Exercise prompt -> Read the records below and report each line in which "Street" occurs.

Exercise inputs ->
<<<<
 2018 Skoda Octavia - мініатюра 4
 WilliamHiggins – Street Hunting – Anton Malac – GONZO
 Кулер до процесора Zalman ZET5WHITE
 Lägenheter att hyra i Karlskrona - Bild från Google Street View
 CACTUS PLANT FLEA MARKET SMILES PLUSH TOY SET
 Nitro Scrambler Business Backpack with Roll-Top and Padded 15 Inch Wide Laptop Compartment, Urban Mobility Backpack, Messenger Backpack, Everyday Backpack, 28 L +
>>>>
<<<<
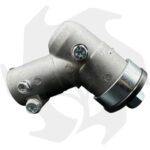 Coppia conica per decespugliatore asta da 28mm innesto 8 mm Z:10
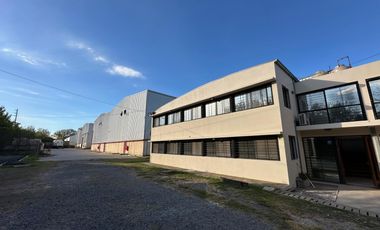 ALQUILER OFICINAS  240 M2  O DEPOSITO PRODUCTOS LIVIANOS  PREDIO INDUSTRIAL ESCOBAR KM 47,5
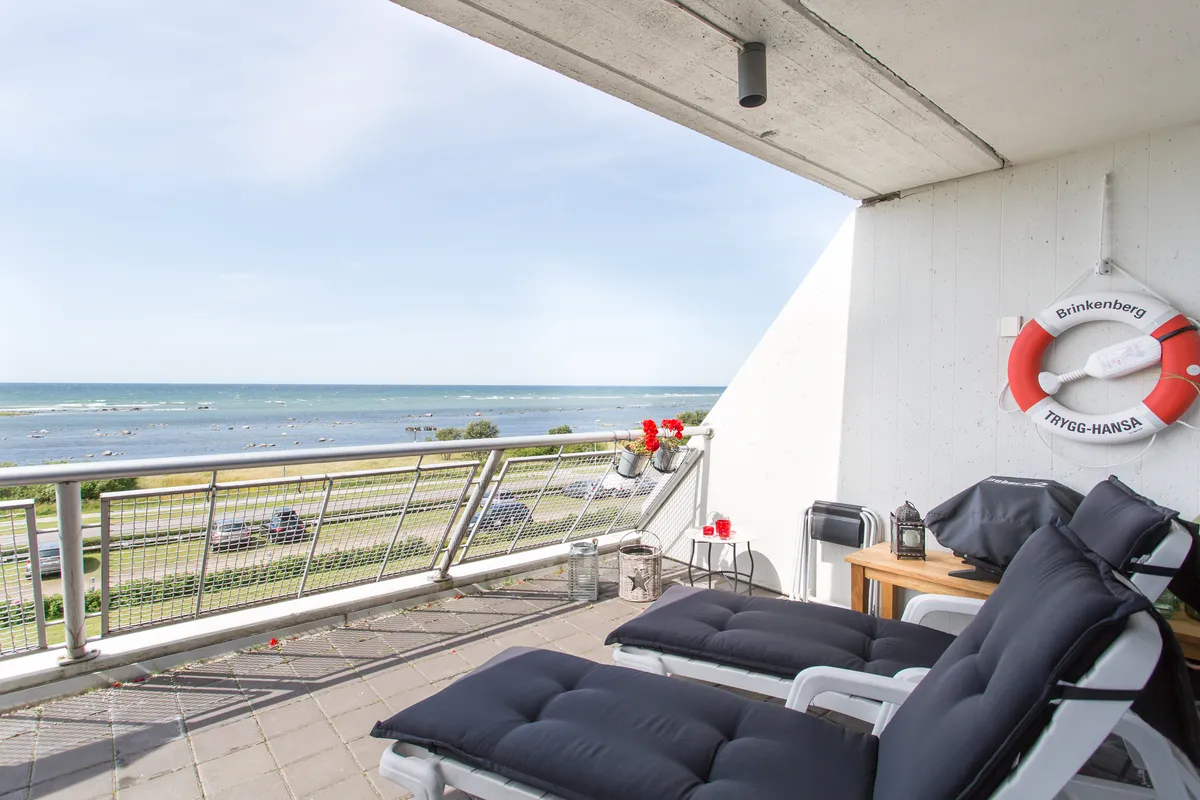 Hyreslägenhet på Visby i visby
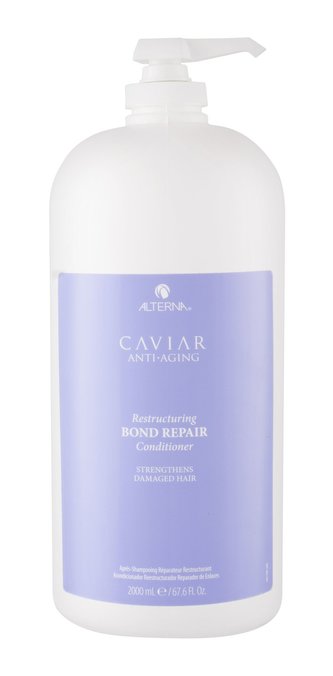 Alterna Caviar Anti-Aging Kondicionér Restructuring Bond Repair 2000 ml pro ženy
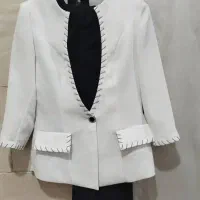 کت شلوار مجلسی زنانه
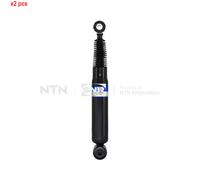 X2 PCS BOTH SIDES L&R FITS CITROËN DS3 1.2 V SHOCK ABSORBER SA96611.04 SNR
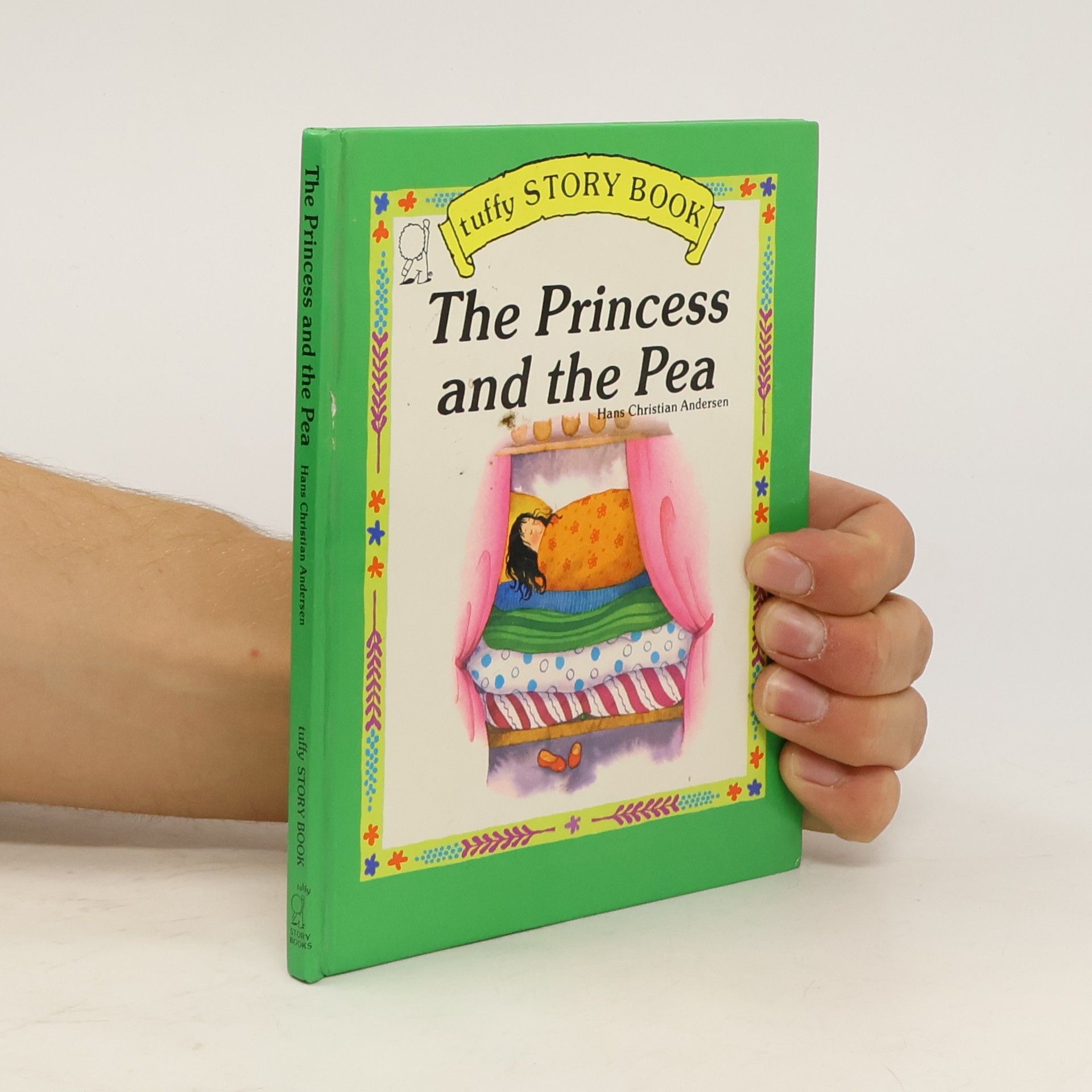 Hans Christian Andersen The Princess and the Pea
>>>>
<<<<
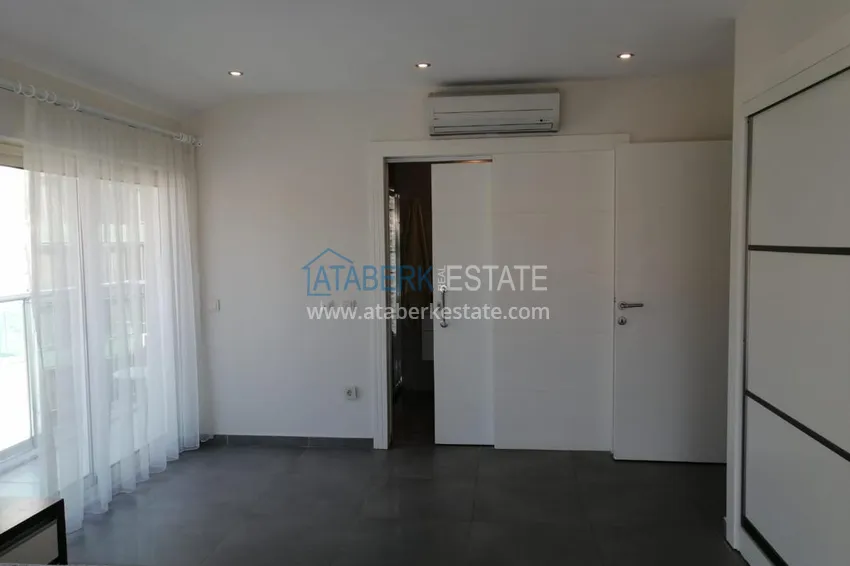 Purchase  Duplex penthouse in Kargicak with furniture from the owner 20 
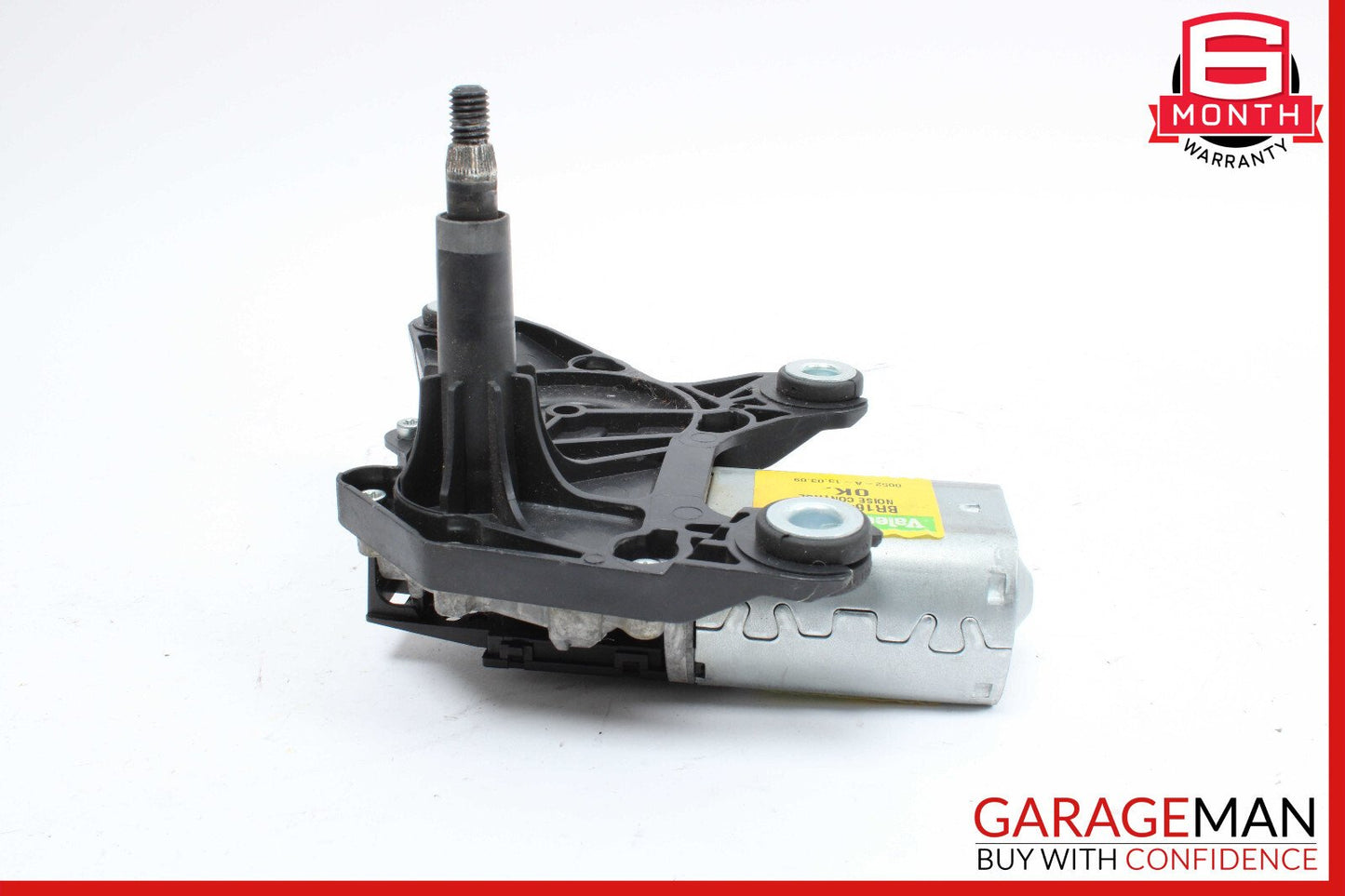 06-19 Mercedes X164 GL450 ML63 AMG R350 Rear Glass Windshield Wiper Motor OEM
>>>>
Answer to the exercise ->
 WilliamHiggins – Street Hunting – Anton Malac – GONZO
 Lägenheter att hyra i Karlskrona - Bild från Google Street View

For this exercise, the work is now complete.